__Given data__
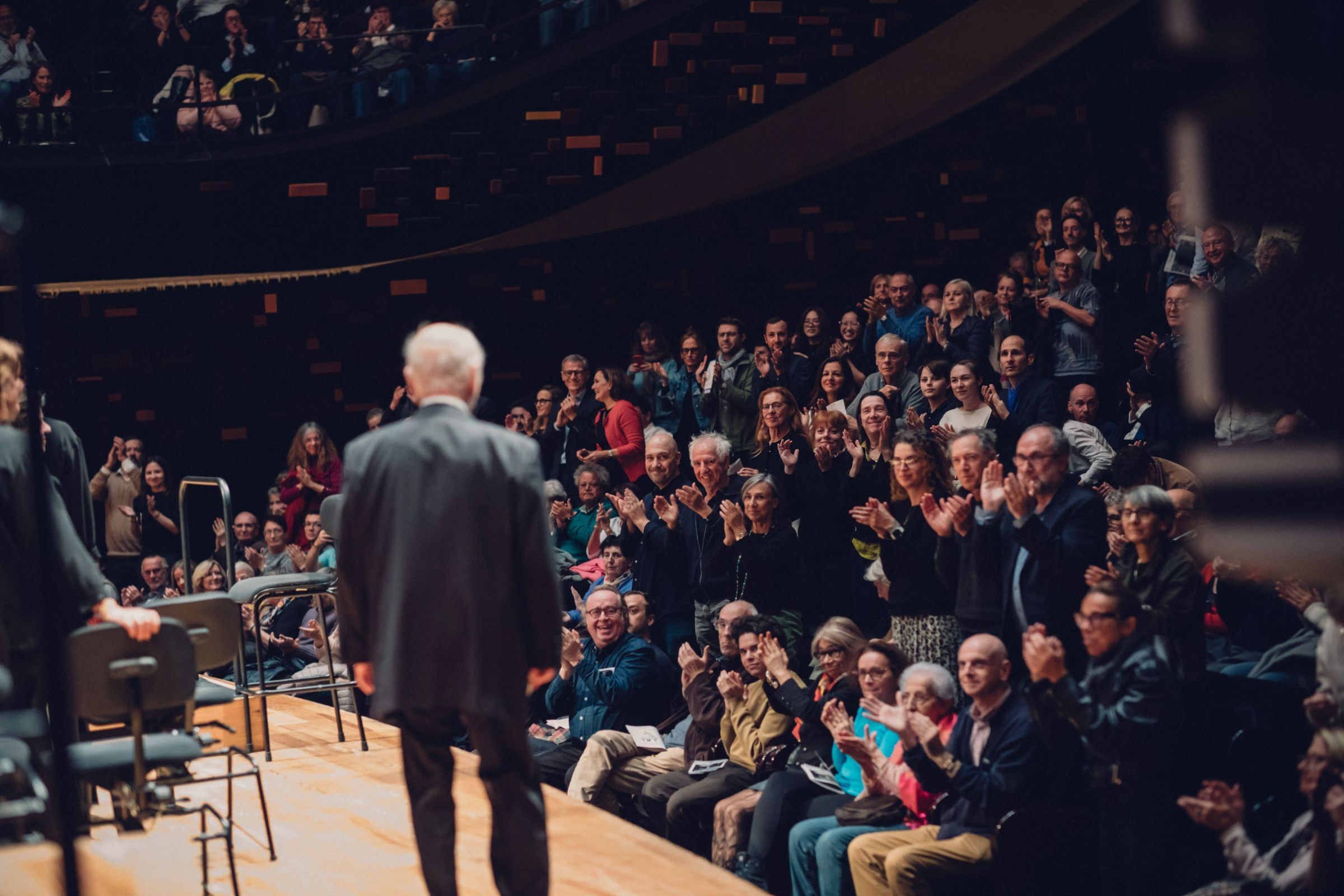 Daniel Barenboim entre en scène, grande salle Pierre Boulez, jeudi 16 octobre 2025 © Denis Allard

...

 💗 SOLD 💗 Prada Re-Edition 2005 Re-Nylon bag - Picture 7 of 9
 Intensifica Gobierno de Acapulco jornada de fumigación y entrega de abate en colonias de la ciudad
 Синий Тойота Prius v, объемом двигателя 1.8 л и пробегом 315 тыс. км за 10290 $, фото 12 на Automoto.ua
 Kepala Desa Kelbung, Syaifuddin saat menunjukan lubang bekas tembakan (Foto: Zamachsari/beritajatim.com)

--

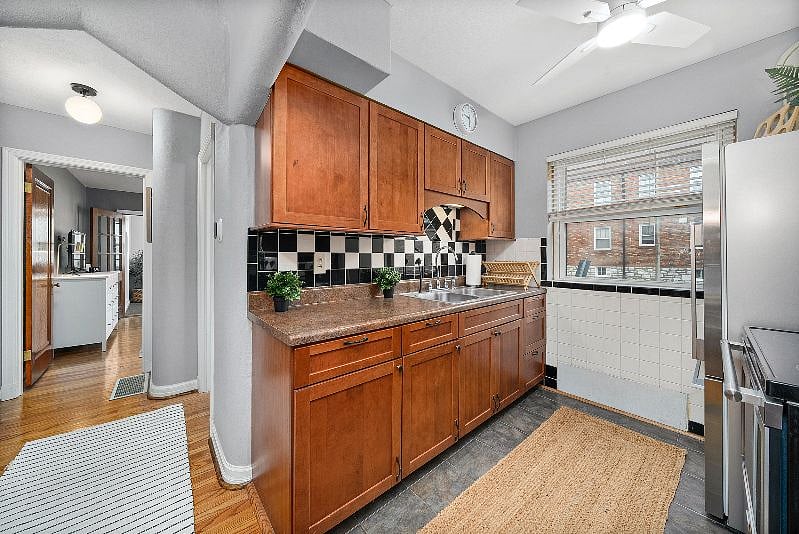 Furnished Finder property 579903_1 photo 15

__Exercise goal__
In the entries above, the lines from the one bearing "Синий Тойота Prius" up to and including the one bearing "Kepala Desa Kelbung, Syaifuddin" should be transcribed exactly; no other line is wanted.

__Solution below__
 Синий Тойота Prius v, объемом двигателя 1.8 л и пробегом 315 тыс. км за 10290 $, фото 12 на Automoto.ua
 Kepala Desa Kelbung, Syaifuddin saat menunjukan lubang bekas tembakan (Foto: Zamachsari/beritajatim.com)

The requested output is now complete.